== THE DATA ==

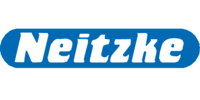 Kundenlogo Neitzke Sanitärtechnik GmbH Kundenlogo Neitzke Sanitärtechnik GmbH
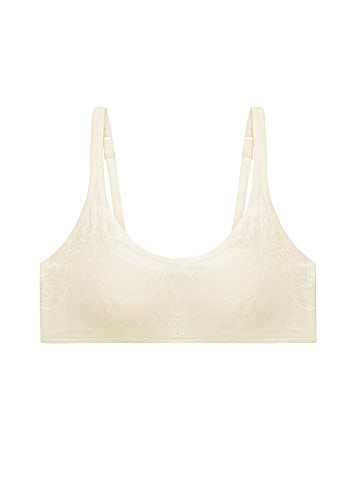 Triumph Soft-BH Fit Smart in CHRYSANTHEME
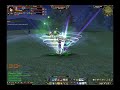 Perfect World BR - Miss�o Her�i - Seguidores do Deus Lun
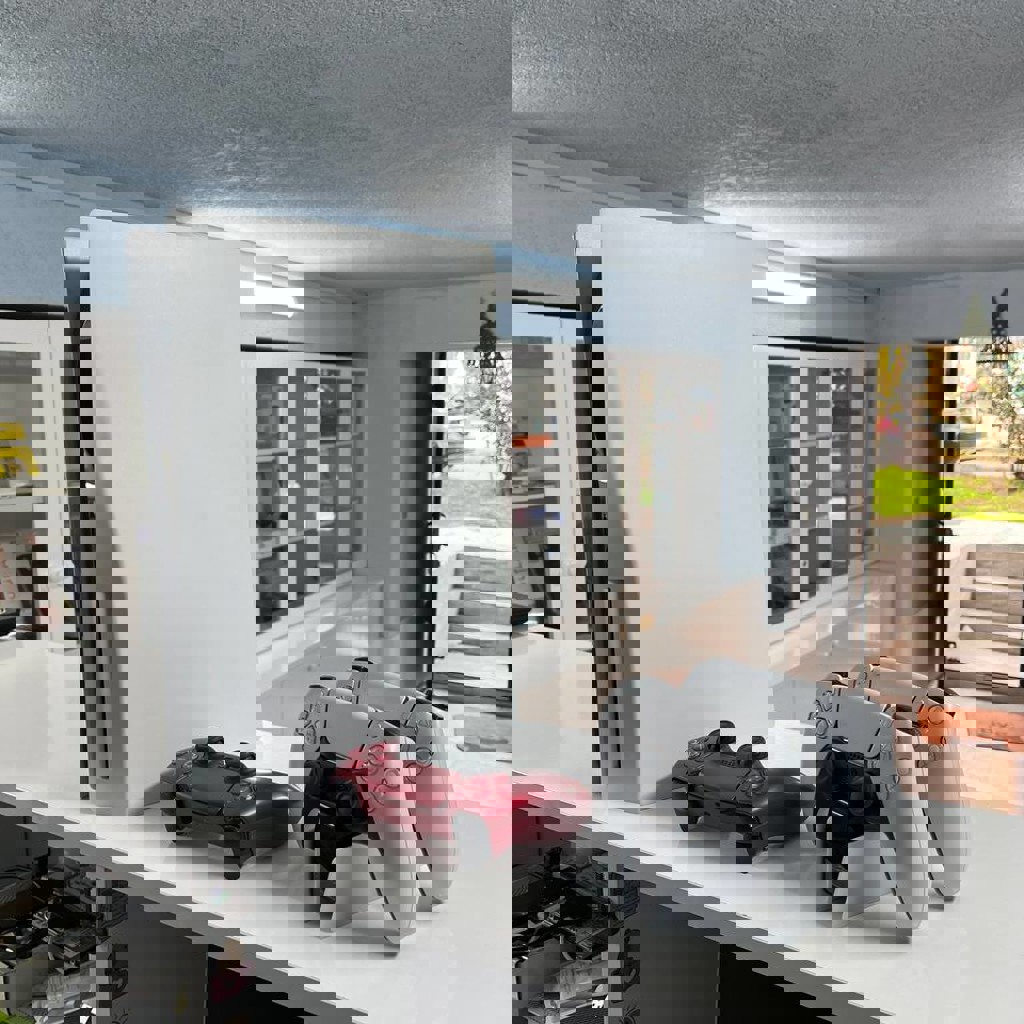 Sony PlayStation PS5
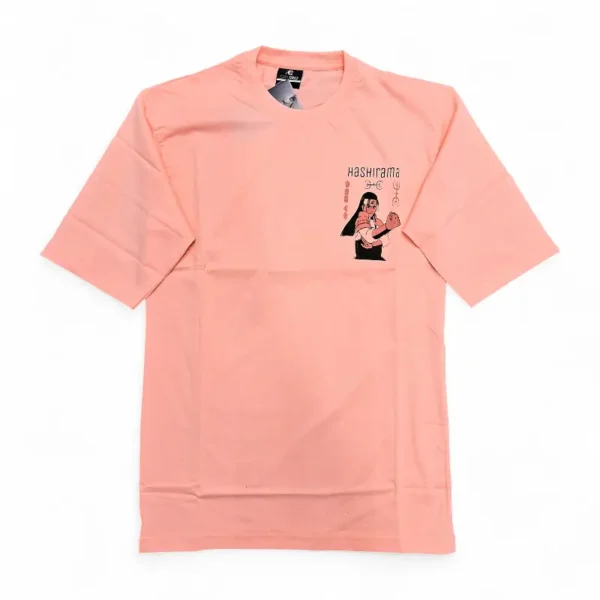 tshirt for men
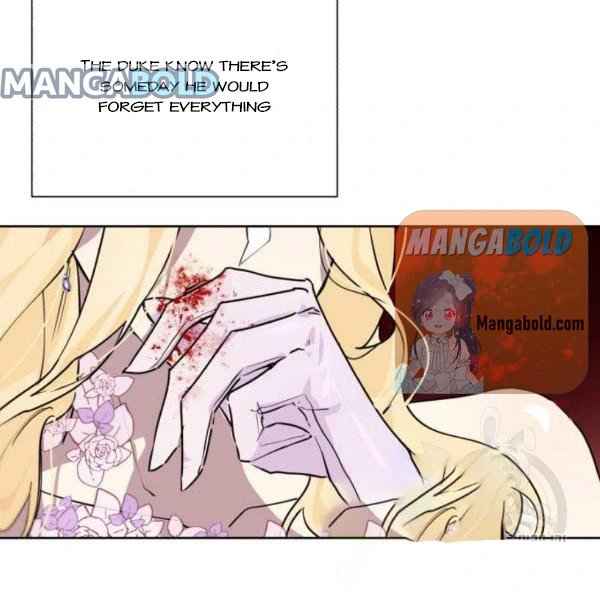 There Were Times When I Wished You Were Dead Chapter 14 - Page 137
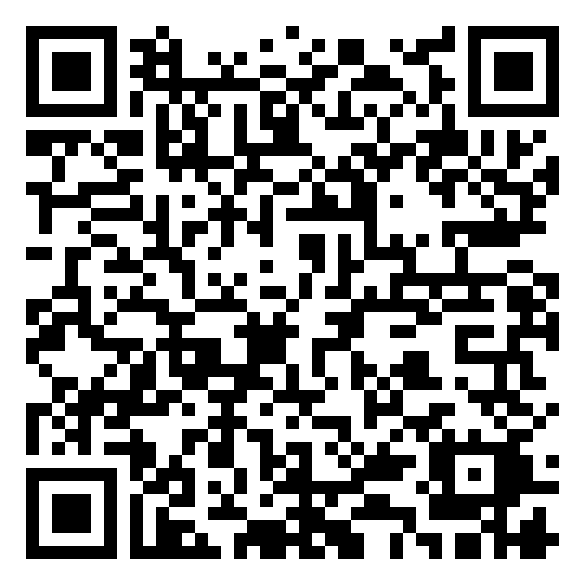 QR code 54223067700000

===

Every line from the one bearing "Sony PlayStation PS5" through the end of the data above must be output exactly, and no picture may appear.

EXPECTED OUTPUT ::
 Sony PlayStation PS5
 tshirt for men
 There Were Times When I Wished You Were Dead Chapter 14 - Page 137
 QR code 54223067700000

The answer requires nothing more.